Destin and Annie saw them too. It was coming around the corner near her school. There were half a dozen white rabbits running around a playground. They were scaling the big jungle gym and leaping over it and into the sandbox before skittering through a series of plastic tubes, and under the large metal duck on a spring, then making it through the wooden fence on the other side, and escaping there through a crack.

“Daddy, Daddy, Daddy!”

“Yeah Annie, look at that.”

He stopped the car and watched as the rabbits ran through the playground.

“I wonder where they are going?”

“Daddy, can I have a rabbit?”

“And I wonder where they came from. What?”

“A rabbit, can I have one of those?”

He smiled.

“We can add that to the list and see what everyone thinks tonight. Okay?”

“Okay.” She pulled her backpack on. Her father kissed her and sent her to the school.

Then he got back in his own car and headed for the high school. It was frogs today, but he hadn’t wanted to tell anyone that, and he’d rather not do it either, but it was what it was.
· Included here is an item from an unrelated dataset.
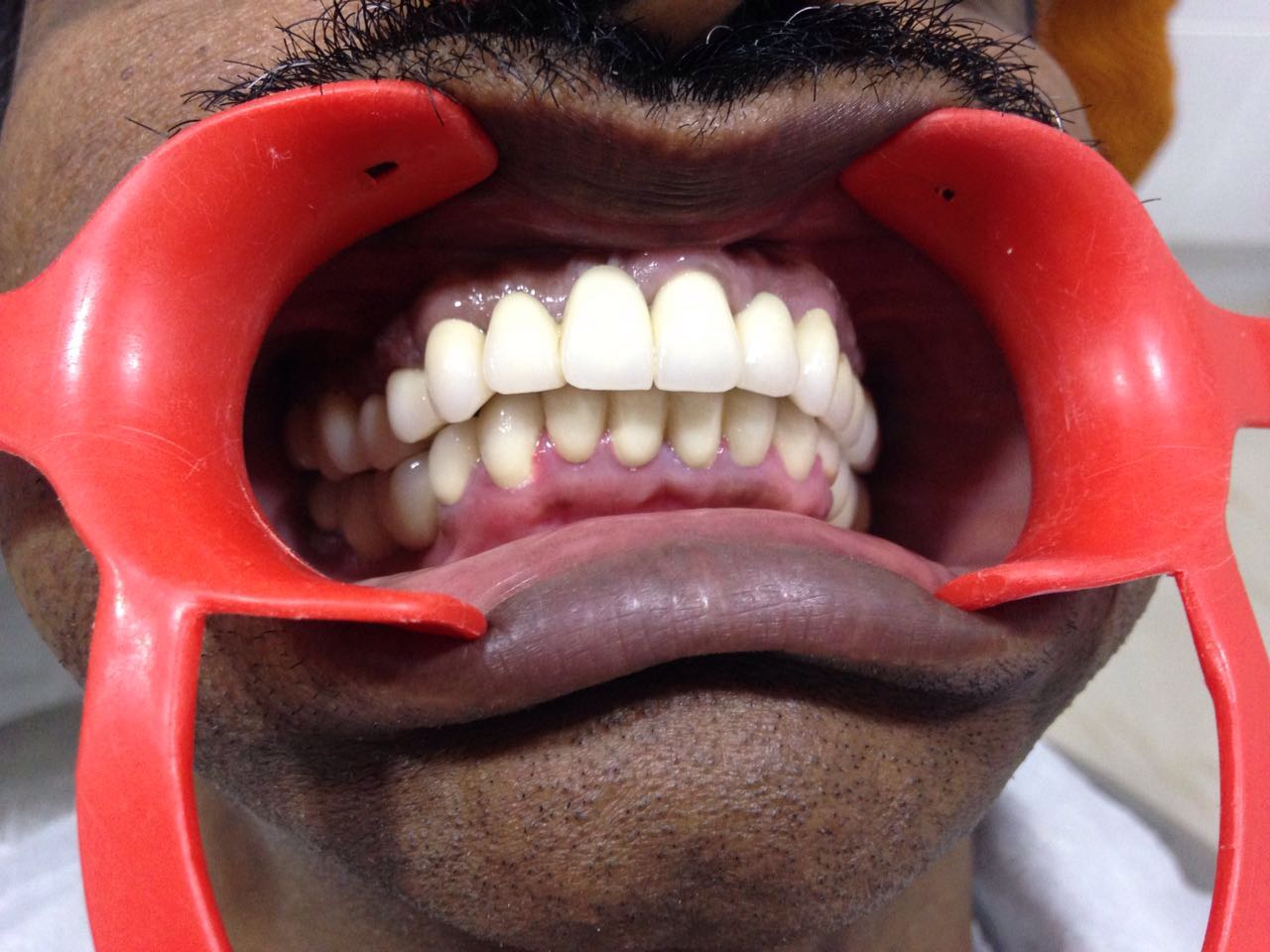 Case Studies, Jothi Dental & Cosmetology Centre, Chennai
He pulled around the corner, and down the street to his own school. He parked in his designated spot, the one right under the branch that the robins all liked to congregate on, and pulled his old musty box out of the back seat. Expecting to find his notes and diagrams about the frog’s internal anatomy, he saw instead a small nest, made of the remains of all his notes and materials. It looked more like a jumble of paper, but some kind of little critter must have done it.

What was in there?

He closed the lid of the box, tucked it under his arm, and went into the school through a side door. Inside, he could smell the ammonia of the recently mopped floors. Students were headed everywhere. Some were hanging out on the floors by their lockers, not yet able to get into their classrooms, others wandered the halls heading up and down from the cafeteria to the gym over and over again, but most of them just crowded around and talked.

Somewhere in the distance, a warning bell rang. There were another ten minutes before classes were to begin. Destin could feel something moving in the box, scratching to get out. Was the box feeling warmer? He shifted it to his other arm. Maybe it was like a small raccoon or a squirrel, but jittery. It bounced in there. Was that a bounce?
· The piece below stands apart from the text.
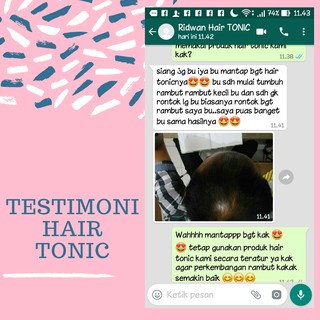 Hair Tonic Penumbuh Penyubur Rambut  Herbal  Obat Botak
He slipped into his classroom and put the box on his big science table. It was black and burn proof.

The box moved.

He pushed it back into the middle of the table. Students were knocking at the door. He didn’t want to show them this. What if he’d just managed to bring a stray or something into the school building?

Whatever it was scratched, and a little white paw appeared through flaps where they all came together at the top of the box.

There was chewing.

He held the box feeling for movement.

After a moment, all signs of it stopped.

He reached down with a finger, and pulled gently at the flaps, and opened the box up.